Debt facility has been in place since group emerged from examinership in 2012

Eir, which abandoned an attempt in 2014 to float on the stock market, returned to annual sales growth for the first time since 2008 in the year to last June. Photograph: Maxwells

Eir, which abandoned an attempt in 2014 to float on the stock market, returned to annual sales growth for the first time since 2008 in the year to last June. Photograph: Maxwells

 

Eir, the telecoms and media group, has launched a refinancing of its €1.6 billion in senior loans, which have been in place since the group emerged from examinership in 2012 .

Eir has hired Goldman Sachs, Deutsche Bank and JPMorgan to manage the refinancing of the loans and help it secure more favourable terms than the current coupon of 4 per cent.
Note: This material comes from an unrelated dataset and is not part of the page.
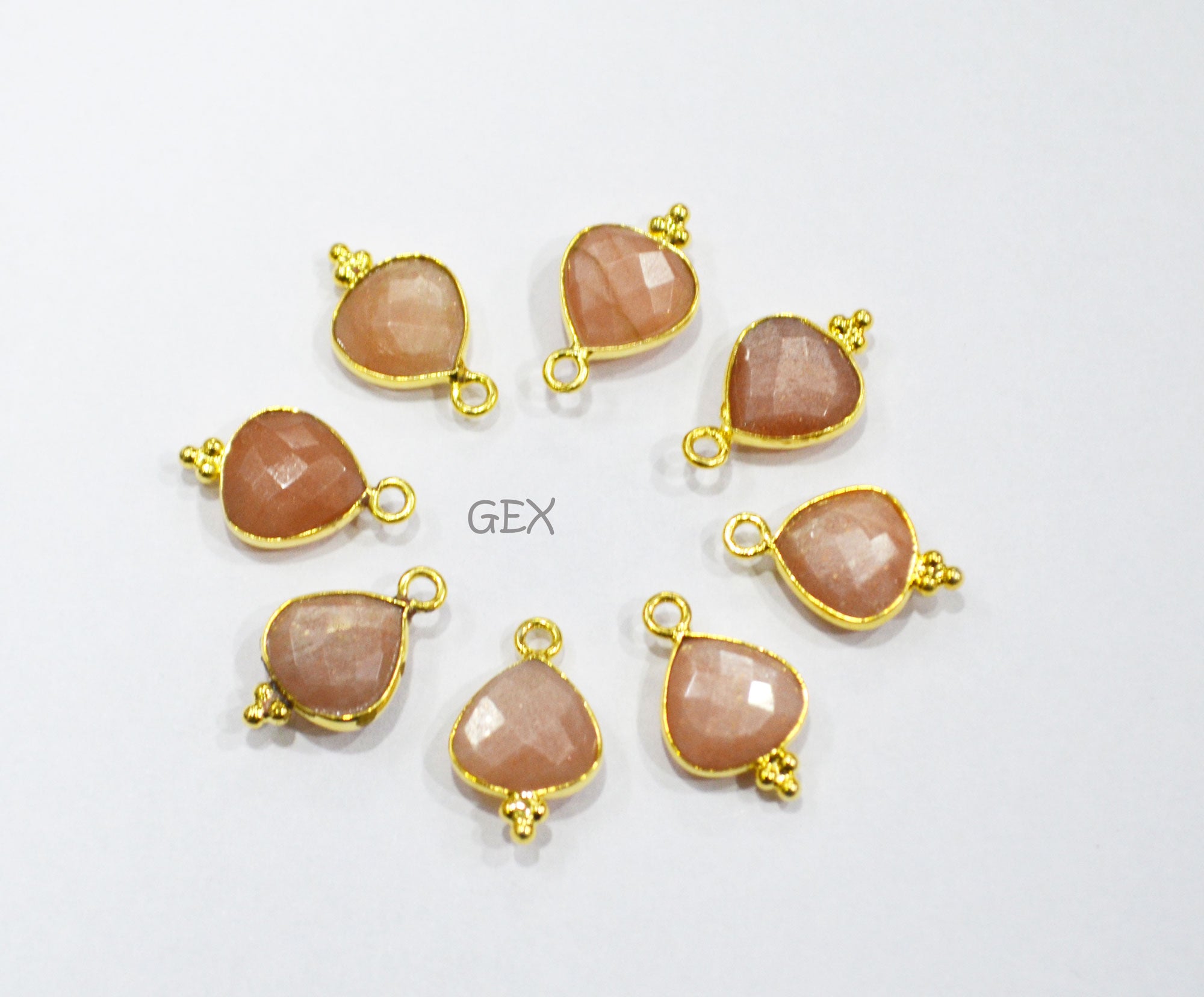Peach Moonstone Faceted Heart Shape Connector , Sold By Piece , 11 mm , RB-7182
The company then called Eircom emerged from the State’s largest-ever examinership ship case five years ago with 40 per cent of a €4.1 billion debt mountain, which had been built up over a series of ownership changes, written off.

Under the process, its most senior lenders, then led by US investment firm Blackstone, took control of the business and agreed a €2.3 billion loan with the company.
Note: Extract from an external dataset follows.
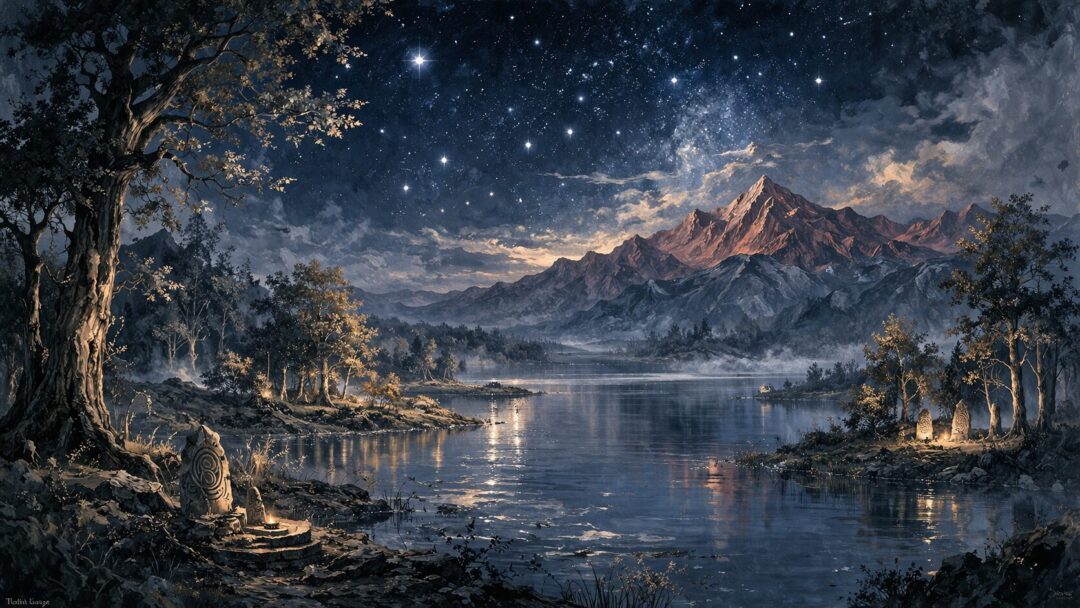 Ancient lake under starry skies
Eir has since refinanced some of the debt through bond sales, selling €700 million of such notes last year. These carried interest rates of between 4.07 and 4.5 per cent at the time they were sold. However, the market yield on the bonds is currently 3.45 per cent.
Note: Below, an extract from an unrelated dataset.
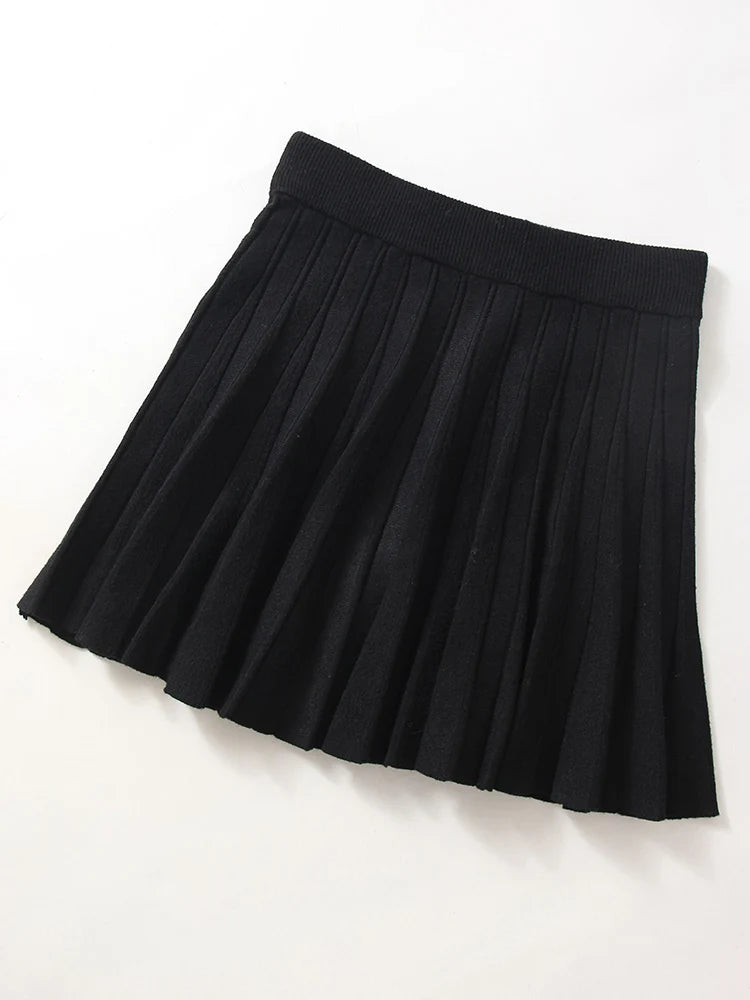 Autumn Knit White Mini Pleated Skirts For Women A Line Skirt Gray High Waist Women Knitted Pleated Short Skirts Korean Fashion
The terms and duration of the senior lending facility have been tweaked a number of times since the original agreement was struck in 2012, most recently in October, when Eir managed to reduce the interest rate on the facility to 4 per cent from 4.5 per cent.

Further bonds

Eir’s banks are due to meet about the refinancing on Friday morning, with a deal expected to be struck by the middle of March. It is understood that Eir is also open selling further bonds as part of the refinancing.

The development comes just weeks after the world’s three largest ratings agencies(Standard & Poor’s, Moody’s and Fitch) each upgraded their views on Eir’s creditworthiness. However, all three continue to rate the stock below what is considered “investment grade”.

Eir, which abandoned an attempt in 2014 to float on the stock market for the third time, returned to annual sales growth for the first time since 2008 in the year to last June. It said last month that its sales for the six months to the end of December had risen a further 2 per cent to €660 million.

Moody’s said the recent performance improvement in Eir follows significant investment in fibre and fourth-generation (4G) mobile networks, coupled with recent investments in exclusive content through the acquisition of Setanta Sports Channel Ireland, rebranded to Eir sport.

“Since June 2012, the company has made capital investments of €1.5 billion to roll out fibre broadband to 1.6 million premises and expand 4G mobile coverage,” Eir said on Thursday. “This investment underpins the vision to provide converged broadband, mobile, TV and content offerings for customers as Eir transforms into a media company.”

Eir, which was valued at €3.5 billion by a 2016 share trade, does not plan to have another go at floating until at least 2018, chief executive Richard Moat has said.